Please print, exactly, only the lines in the entries below from the line that has "Hoạt động môn Tự nhiên và xã hội lớp 1 bài 1" through the line that has "Photo of free". Pictures don't go in.

* _EXCERPTED RECORDS_
^^^^
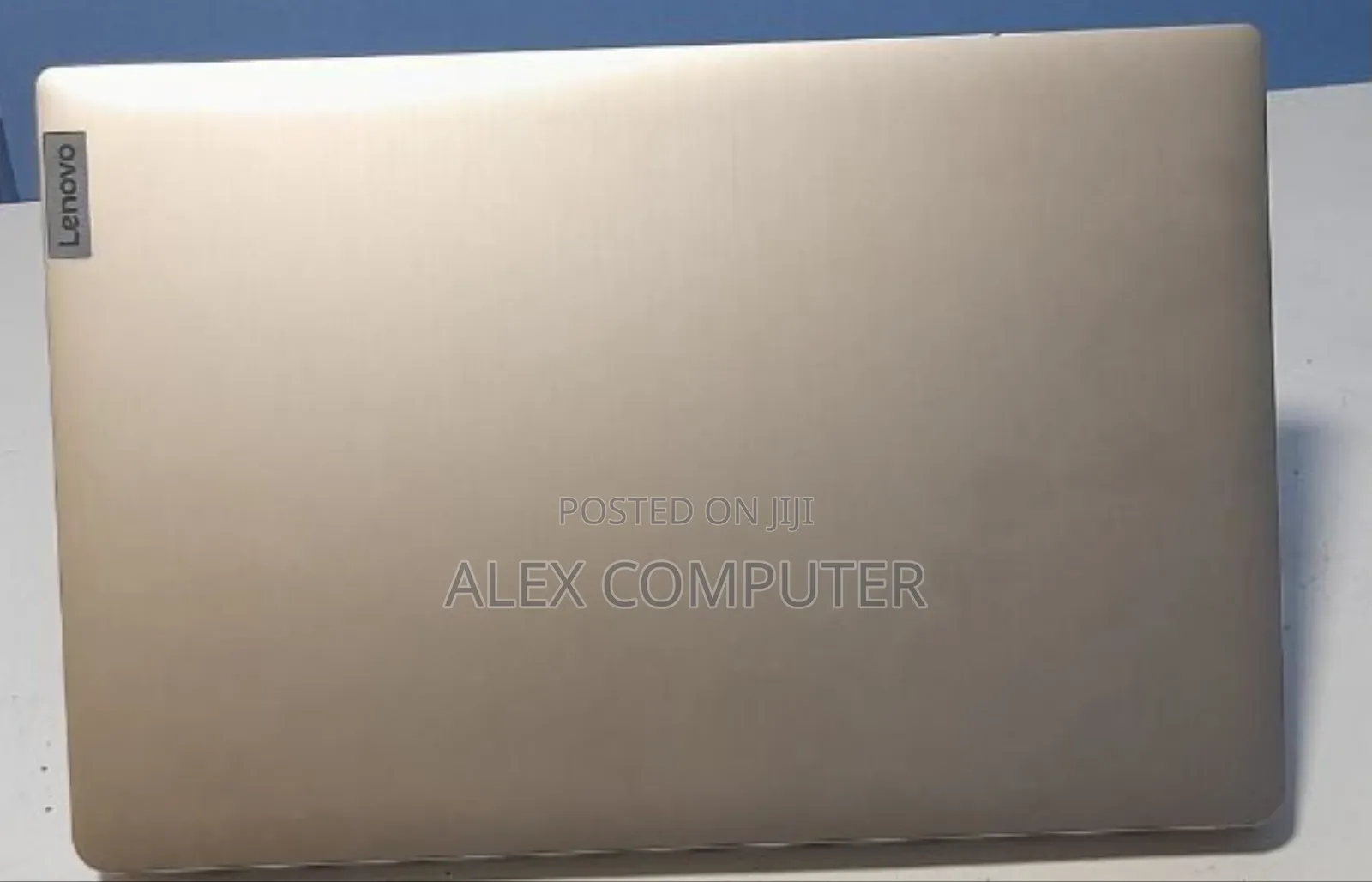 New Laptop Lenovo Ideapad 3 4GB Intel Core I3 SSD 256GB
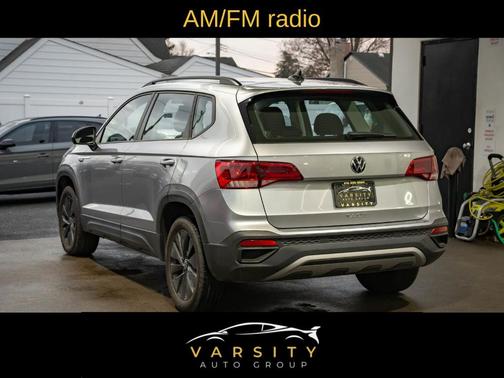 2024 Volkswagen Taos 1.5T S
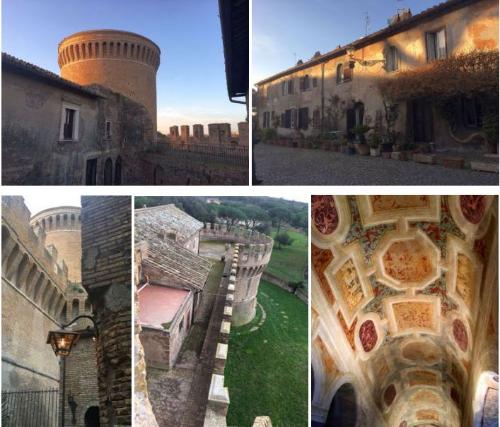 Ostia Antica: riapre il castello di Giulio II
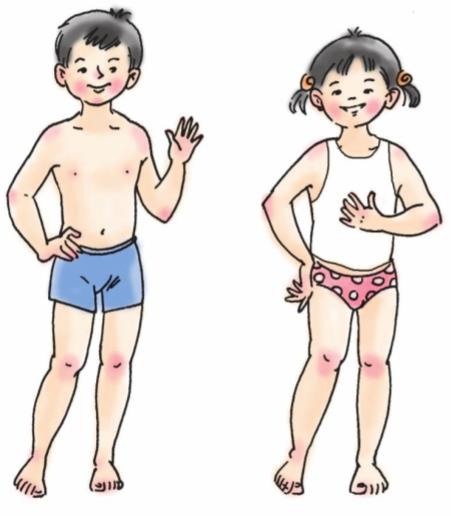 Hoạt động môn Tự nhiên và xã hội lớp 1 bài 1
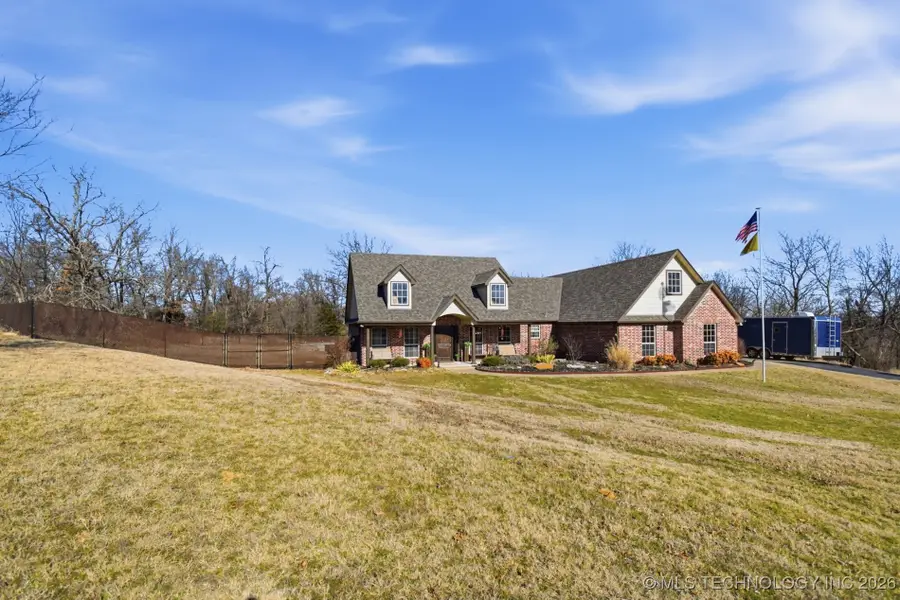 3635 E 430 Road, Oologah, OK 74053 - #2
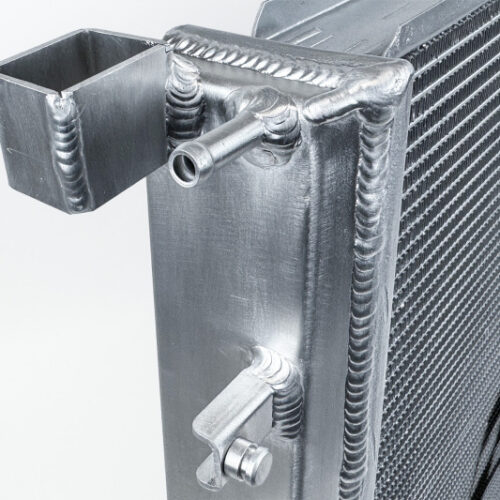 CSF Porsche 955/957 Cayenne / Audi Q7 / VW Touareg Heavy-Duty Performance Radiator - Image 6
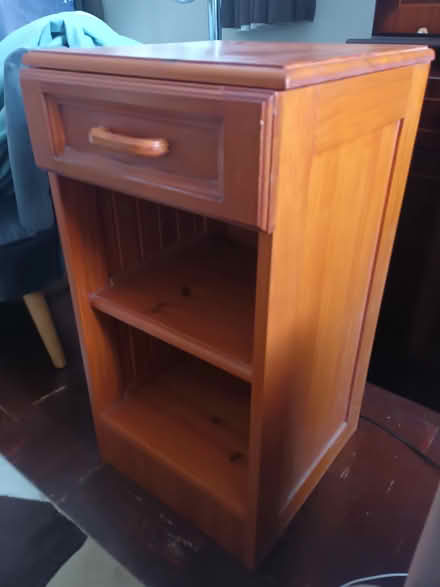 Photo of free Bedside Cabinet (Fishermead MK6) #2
^^^^
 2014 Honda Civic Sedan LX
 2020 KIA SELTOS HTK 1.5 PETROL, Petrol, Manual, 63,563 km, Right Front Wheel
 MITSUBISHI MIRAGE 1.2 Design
^^^^
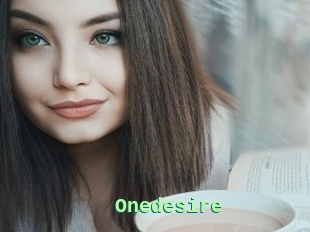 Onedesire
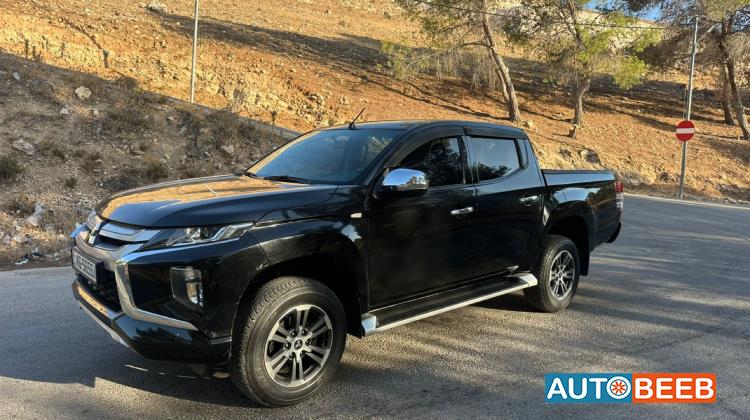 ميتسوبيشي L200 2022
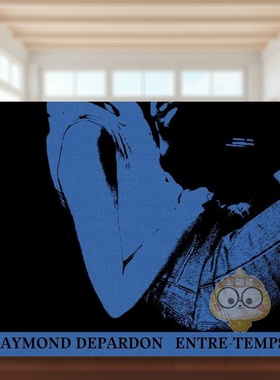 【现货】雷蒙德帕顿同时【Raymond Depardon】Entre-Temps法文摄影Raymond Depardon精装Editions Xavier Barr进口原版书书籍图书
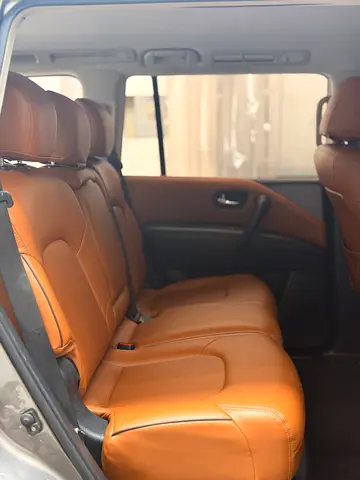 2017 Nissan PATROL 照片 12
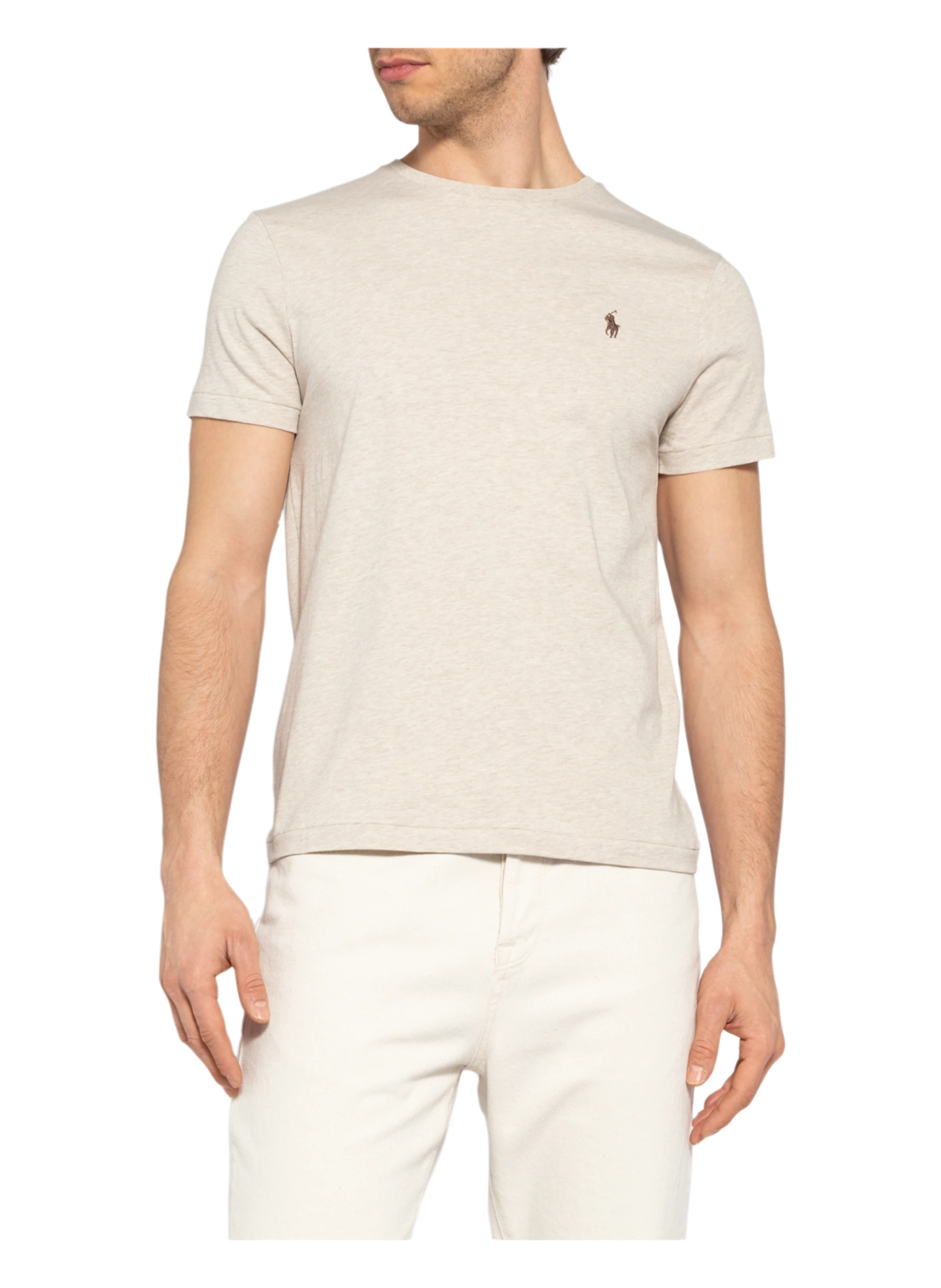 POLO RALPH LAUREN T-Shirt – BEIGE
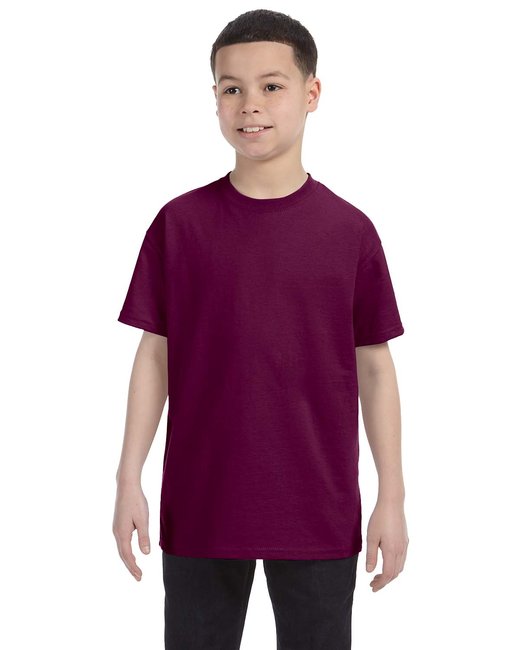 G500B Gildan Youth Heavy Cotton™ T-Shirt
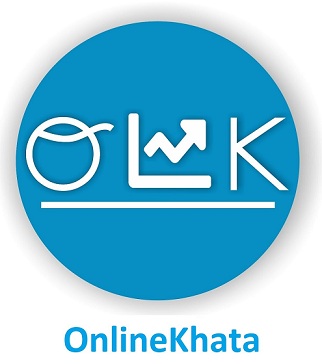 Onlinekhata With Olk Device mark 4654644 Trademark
^^^^
* _TASK SOLUTION_
 Hoạt động môn Tự nhiên và xã hội lớp 1 bài 1
 3635 E 430 Road, Oologah, OK 74053 - #2
 CSF Porsche 955/957 Cayenne / Audi Q7 / VW Touareg Heavy-Duty Performance Radiator - Image 6
 Photo of free Bedside Cabinet (Fishermead MK6) #2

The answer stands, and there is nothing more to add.